The snarky, caustic title of this post doesn’t quite convey my opinion on the film – it’s a competent act-off piece that maintains a reasonable air of entertainment for around two hours. It features a number of archly one-note characters with performers trying their damnedest to make a jazz-monster out of that note. And it’s first half in particular gives us the chaotically breezy joy of the effervescent sight of watching two negatively-minded people positively destroy each other with verbal abuse (seriously, if this film is aiming to stake its claim in the long-line of classic Hollywood romantic comedies, befitting David O. Russell’s clearly and increasingly populist mindset, he’s at least got the screwball aspect of people being as loud and snarky and mean as they possibly can in front of other people down pat).

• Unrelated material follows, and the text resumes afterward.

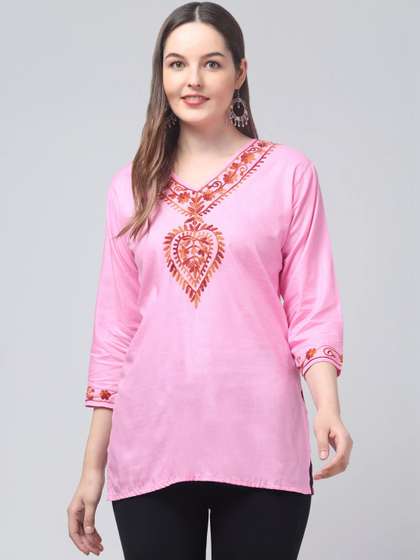 SHAUKIYA Floral
                        Embroidered V-Neck Thread Work Thread Work
                        Kurti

It sacrifices a lot of the goodwill it builds up, however, by settling into a somewhat disturbingly twee indie-dramedy routine with a purpose in making dysfunctional people seem fun and cute. And if that isn’t soul-crushing enough, the second half of the film settles into a rote Hollywood formula buoyed by essentially nothing other than the performances (Russell still hasn’t emerged as a meaningful visualist, or rather, he’s lost the ability after all those years ago Three Kings). And it’s all the more shameful upon looking back at the first half, which seemed to be heading to caustically lash out at all the twee indie comedies of the 2000s with vigor by exploring how distant they were from honest humanity. When it eventually reveals itself to be … just another one of those mid-2000s indie comedies, the whole film blows up in its own face.

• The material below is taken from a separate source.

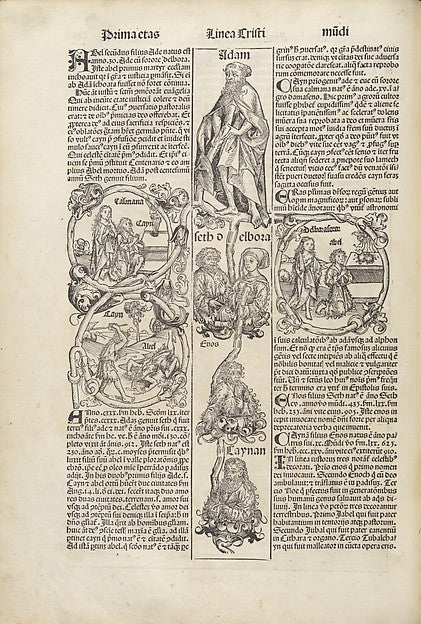 Registrum huius operis libri cronicarum cum figuris et ymagib, Poster Print Wall Art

The end-game borders on colossal failure, unmasking a film that, while reasonably entertaining, amounts to nothing more than an attempt to have its dysfunctional, dangerous commentary on mental illness cake and eat its Hollywood Oscar-baiting crowd-pleaser cake too. In other words, it wants to feign depth and danger rather than jump headfirst into it. Because, you know, it wants to succeed at the Box Office. To this extent, whatever caustic, bitter, angry-brittle human pizzaz it opens up with, it sacrifices to the middlebrow Gods in an ending that’s played like a visual-aural parody of the happy-ending we don’t expect this film to have. Except Russell doesn’t have much interest in satire or snark at this point –  he’s playing it straight-faced –  and it collapses under its own unearned earnestness. I don’t know about you, but I like to keep my bubbly dance rom-com as far away as humanly possible from my painful dissection of mental disease. I guess that’s one of those pesky preference things, but I have the sneaking suspicion I’m onto something, and I’m sticking by it.

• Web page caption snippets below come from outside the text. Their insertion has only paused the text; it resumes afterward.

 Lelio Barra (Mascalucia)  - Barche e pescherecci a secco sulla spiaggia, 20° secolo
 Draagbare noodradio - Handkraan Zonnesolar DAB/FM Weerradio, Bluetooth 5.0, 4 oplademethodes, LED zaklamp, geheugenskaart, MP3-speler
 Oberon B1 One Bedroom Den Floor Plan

Also of note, the Oscar-winning role for Jennifer Lawrence is for a woefully underdeveloped character who behaves erratically less because of her mental illness than because she’s not really a human-being; she’s a tool for the script-writers to define Bradley Cooper’s main character. It seems Hollywood writers still haven’t figured out how to write female characters, and the film is a rather inexcusable attempt to seem conflicted and complicated without actually having to work for it. It’s a good thing it, at least for the better part of its run-time, knows how to be breezy enough to distract from its laundry list of other issues.